Problem description:
Leaving out the images, please reproduce each line below exactly.

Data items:

——————

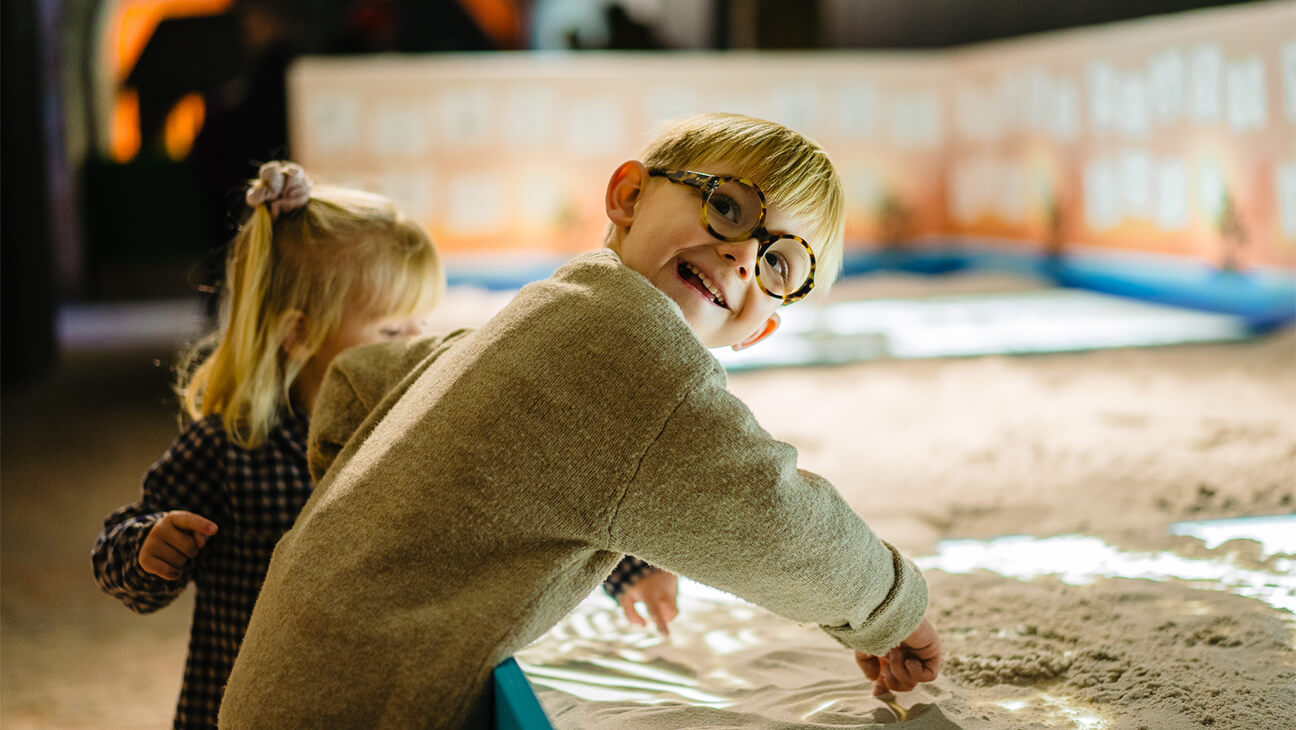 Kind speelt in  zandbak tijdens de Doe-expo Tik Tak en Sarah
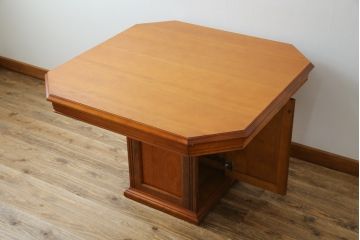 中古　横浜クラシック家具　ダニエル(daniel)　収納棚付き!　クラシカルな佇まいが魅力的な低めサイズのダイニングテーブル(4人掛けダイニングテーブル、収納棚、戸棚)(定価約40万円)(R-080375)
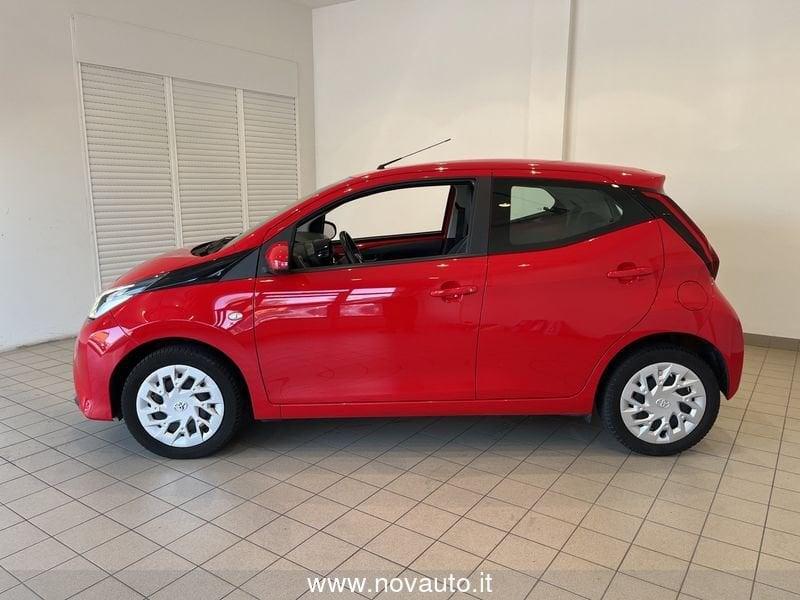 Toyota Aygo Aygo Connect 1.0 VVT-i 72 CV 5 porte x-play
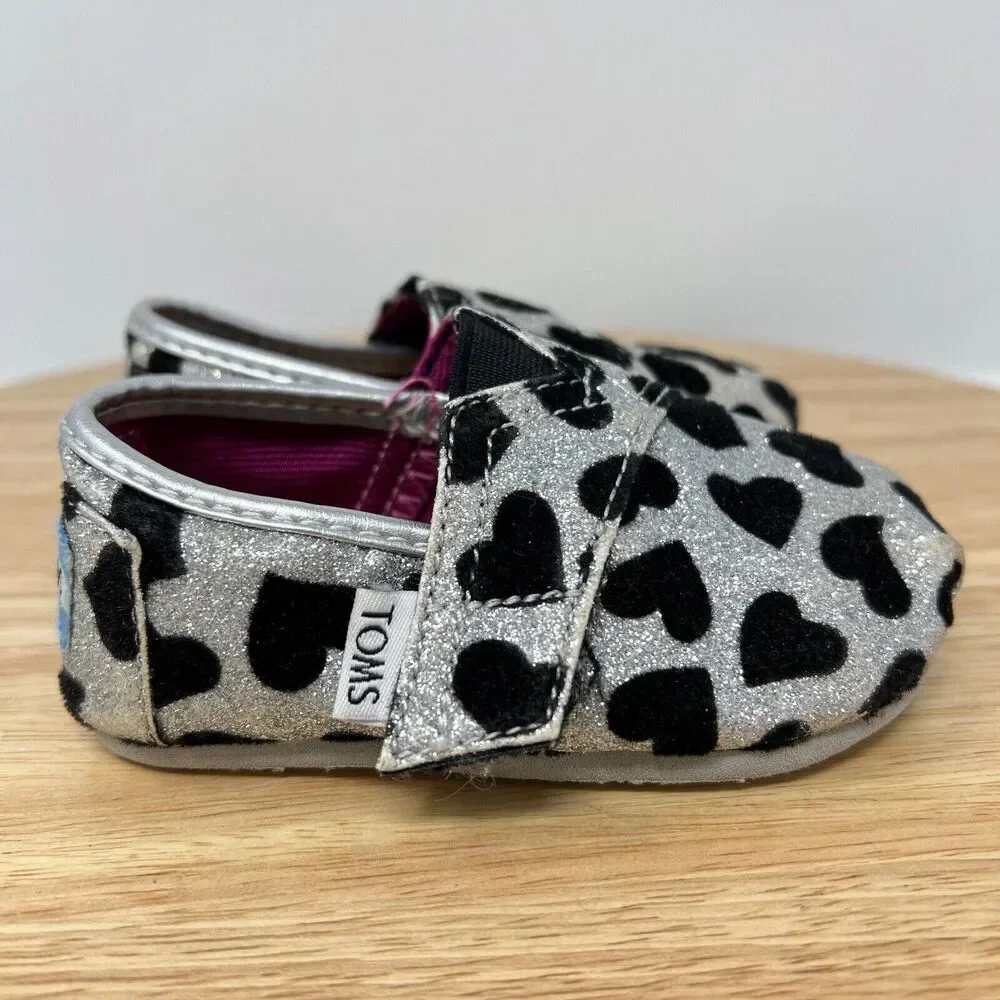 Toms Classic Silver Hearts Silver and Black Toddler Sz. 4 Shoes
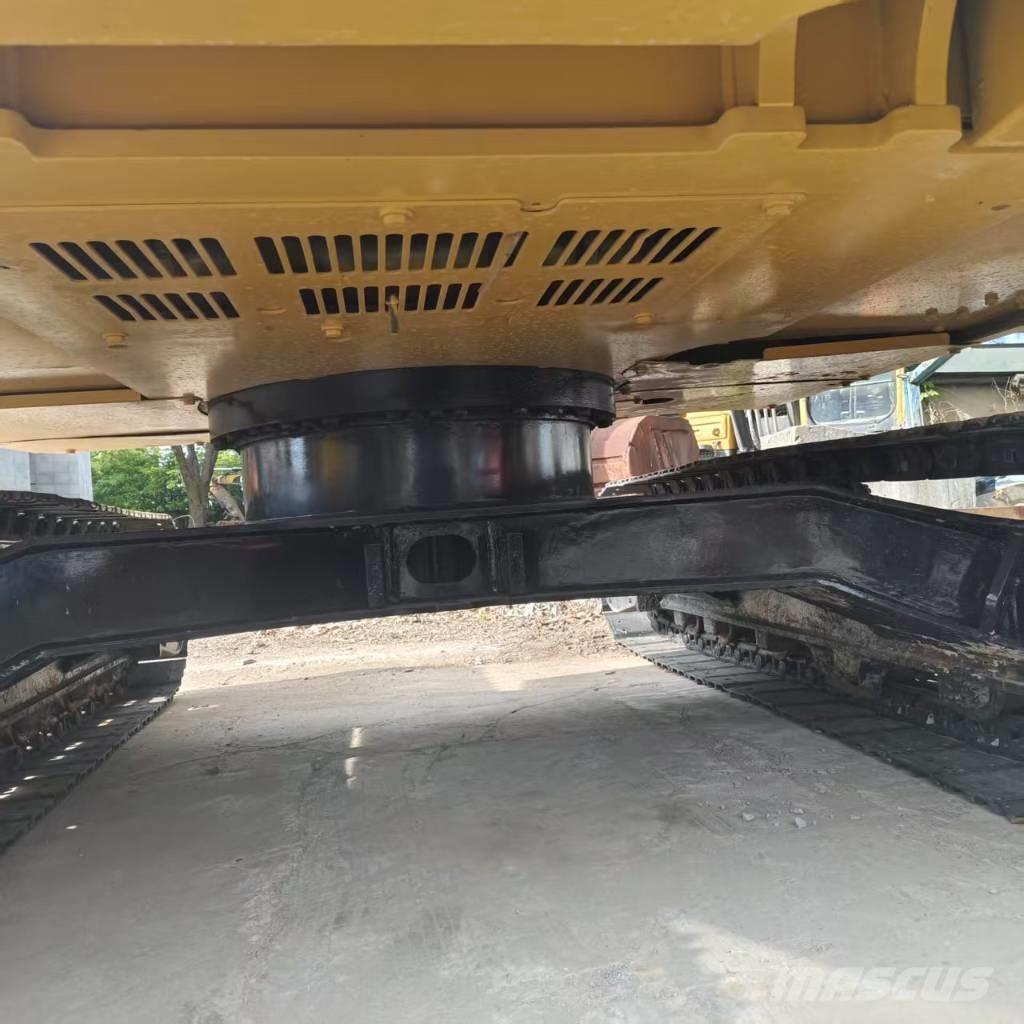 CAT 310 Εκσκαφείς με ερπύστριες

——————

Response to the exercise:
 Kind speelt in  zandbak tijdens de Doe-expo Tik Tak en Sarah
 中古　横浜クラシック家具　ダニエル(daniel)　収納棚付き!　クラシカルな佇まいが魅力的な低めサイズのダイニングテーブル(4人掛けダイニングテーブル、収納棚、戸棚)(定価約40万円)(R-080375)
 Toyota Aygo Aygo Connect 1.0 VVT-i 72 CV 5 porte x-play
 Toms Classic Silver Hearts Silver and Black Toddler Sz. 4 Shoes
 CAT 310 Εκσκαφείς με ερπύστριες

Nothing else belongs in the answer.